◆ **REQUIRED WORK**:
Here is a listing, set out below; repeat its lines from the one with "#JUSTB #저스트비 #GEONU https://t.co/xsfdtmMNlt" to the last, both included, and leave out the pictures.

=== Begin Enclosure ===

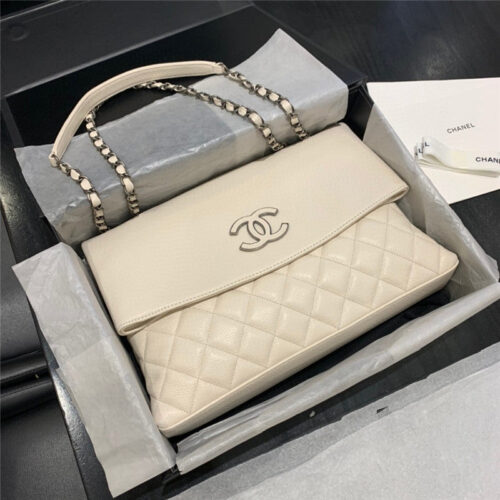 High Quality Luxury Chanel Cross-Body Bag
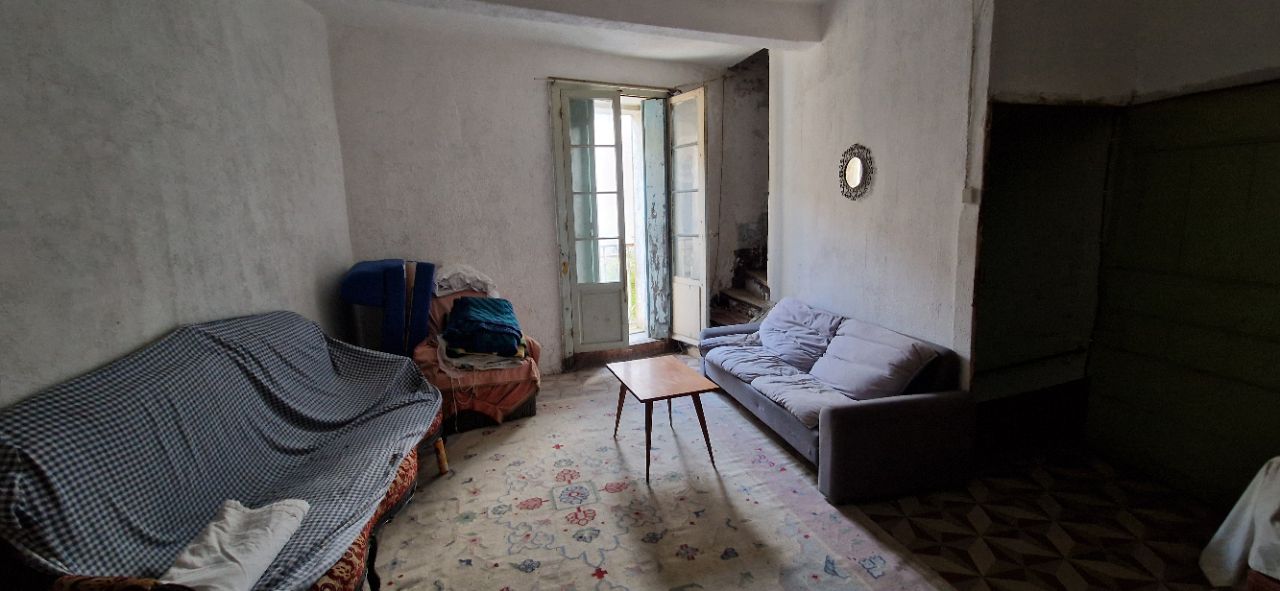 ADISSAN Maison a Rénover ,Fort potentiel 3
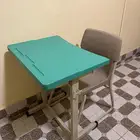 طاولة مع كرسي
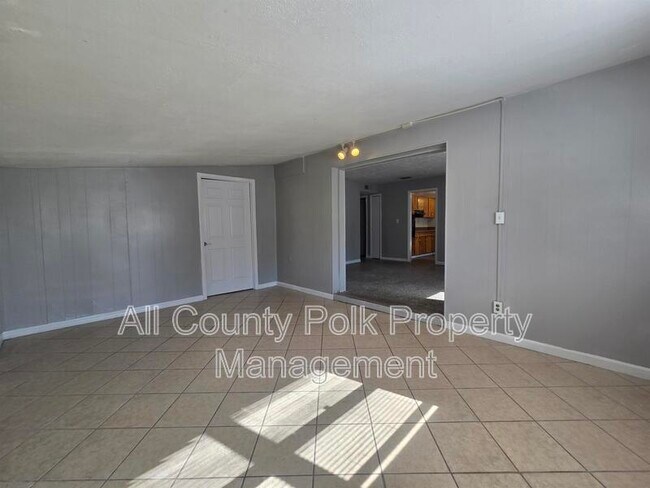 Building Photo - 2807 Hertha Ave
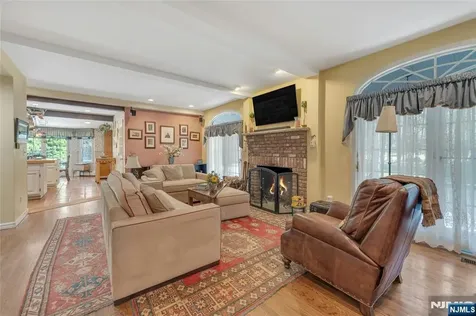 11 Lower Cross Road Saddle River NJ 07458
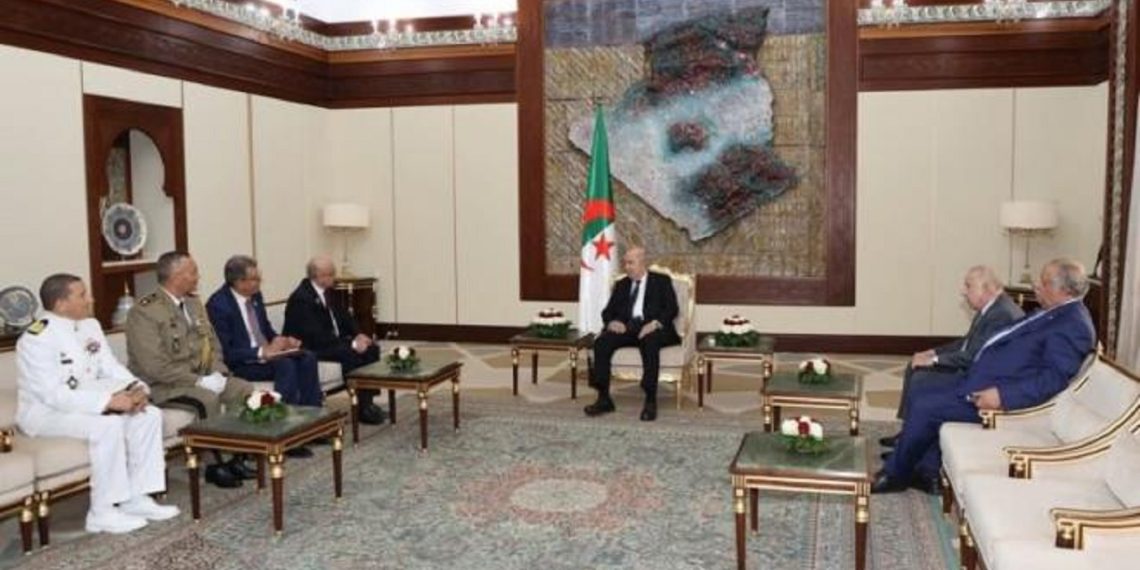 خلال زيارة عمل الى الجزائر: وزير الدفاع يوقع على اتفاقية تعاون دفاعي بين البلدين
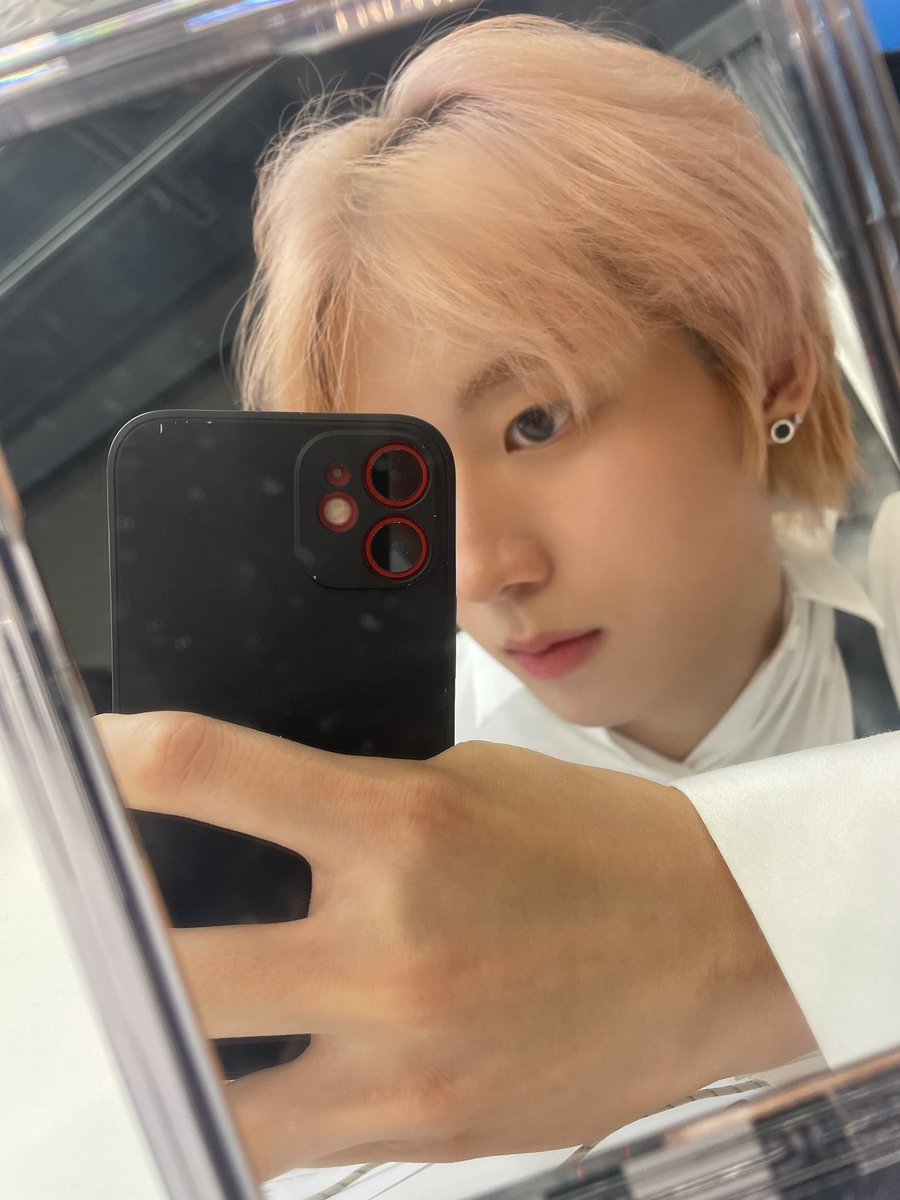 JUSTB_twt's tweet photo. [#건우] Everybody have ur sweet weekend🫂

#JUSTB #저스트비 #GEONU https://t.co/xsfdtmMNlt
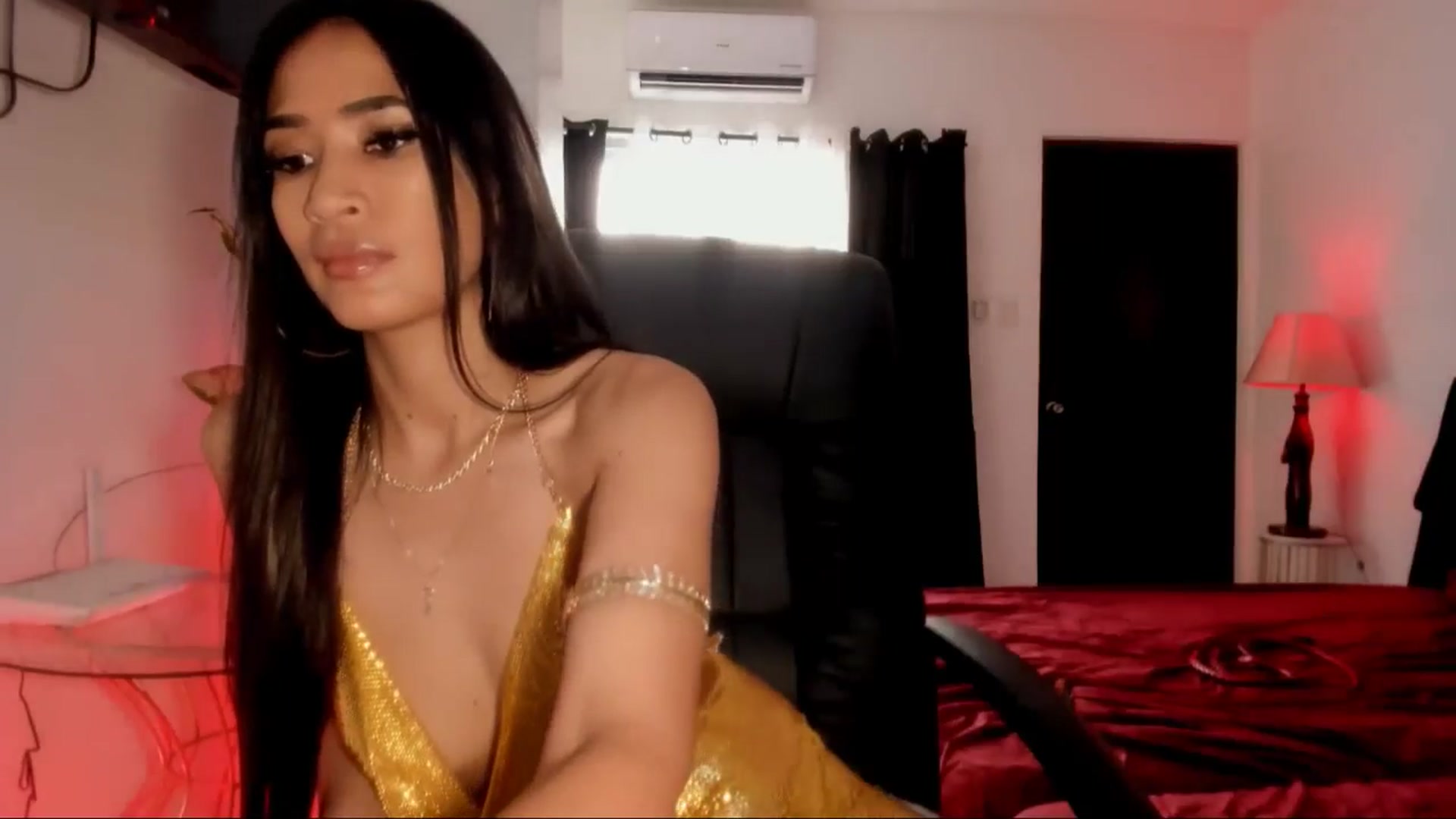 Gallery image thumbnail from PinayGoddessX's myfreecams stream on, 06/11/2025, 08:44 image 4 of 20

=== End Enclosure ===

◆ **WRITTEN SOLUTION**:
#JUSTB #저스트비 #GEONU https://t.co/xsfdtmMNlt
 Gallery image thumbnail from PinayGoddessX's myfreecams stream on, 06/11/2025, 08:44 image 4 of 20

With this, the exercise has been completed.